Reliability-based design optimization methodology for enhancing performance and efficiency in catalyst manufacturing for polymer electrolyte membrane fuel cells

Polymer Electrolyte Membrane Fuel Cells (PEMFCs) have emerged as an alternative to internal combustion engines, offering higher efficiency and reduced environmental impact. High component costs, particularly the cathode catalyst layer (CL), pose a significant barrier to widespread commercialization. This study addresses this challenge by optimizing the material and design of the cathode CL. Traditional deterministic design optimization (DDO) approaches have been explored but often fail to account for inherent uncertainties introduced during the manufacturing process.
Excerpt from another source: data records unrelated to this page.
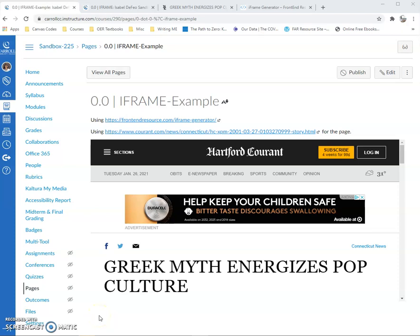My little trick today is a method for pulling in a website into your Canvas page so that students don't have to leave Canvas in order to read some other materials. This is good for people that want to use OER materials or on occasion have students look at another website without leaving Canvas.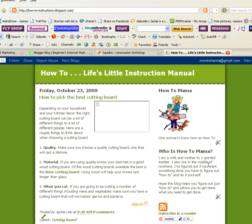Good morning! It's Jackie from InternetMarketingForMommies.com. Today I had a question in the comments section about how to find the RSS feed and how to put it in the RSS module at Squidoo. So I thought I'd do a quick video and just show you how to do that.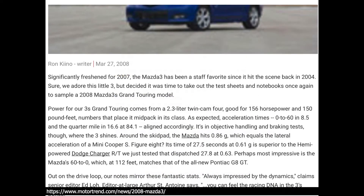I clicked on one result and it's from Motor Trend. A good tip is to use Ctrl+F on a PC or Command+F on a Mac to search within the page. Searching for 'skid pad' finds it right away — I see 0.86g. That's for a 2008 Mazda 3, not 2009, but looking at pictures there's not much difference between those model years, so it's close enough.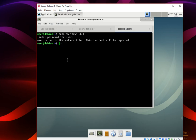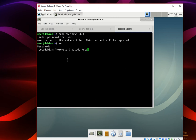First, you should change your user to root. Then you should use visudo. I will use the text editor nano.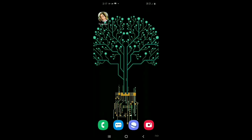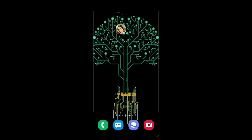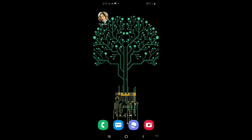Friends, this app is called Tune App. You can see the link in the description. Friends, you can see the link in the description.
To overcome this limitation, we propose a data-driven reliability-based design optimization (RBDO) approach to optimize key CL design parameters, including the weight ratio of ionomer to carbon (wt_I/C), the weight ratio of Pt to carbon (wt_Pt/C), the porosity of cathode CL (ε_cCL), and platinum loading (L_Pt), to maximize cell voltage (V_cell), considering CL manufacturing costs (Cost_CL) and power density of membrane electrode assembly (Ṗ_MEA) as performance constraints. Compared to a typical PEMFC stack with L_Pt aligned to Department of Energy targets of 0.125 mg/cm², results of the DDO show that V_cell is improved by 12 mV, with a reliability of 49 % for Cost_CL and 99.97 % for Ṗ_MEA, respectively. In contrast, the RBDO approach provides a reliability of 95 % for Cost_CL and 97.95 % for Ṗ_MEA, at the expense of a 32 mV drop in V_cell.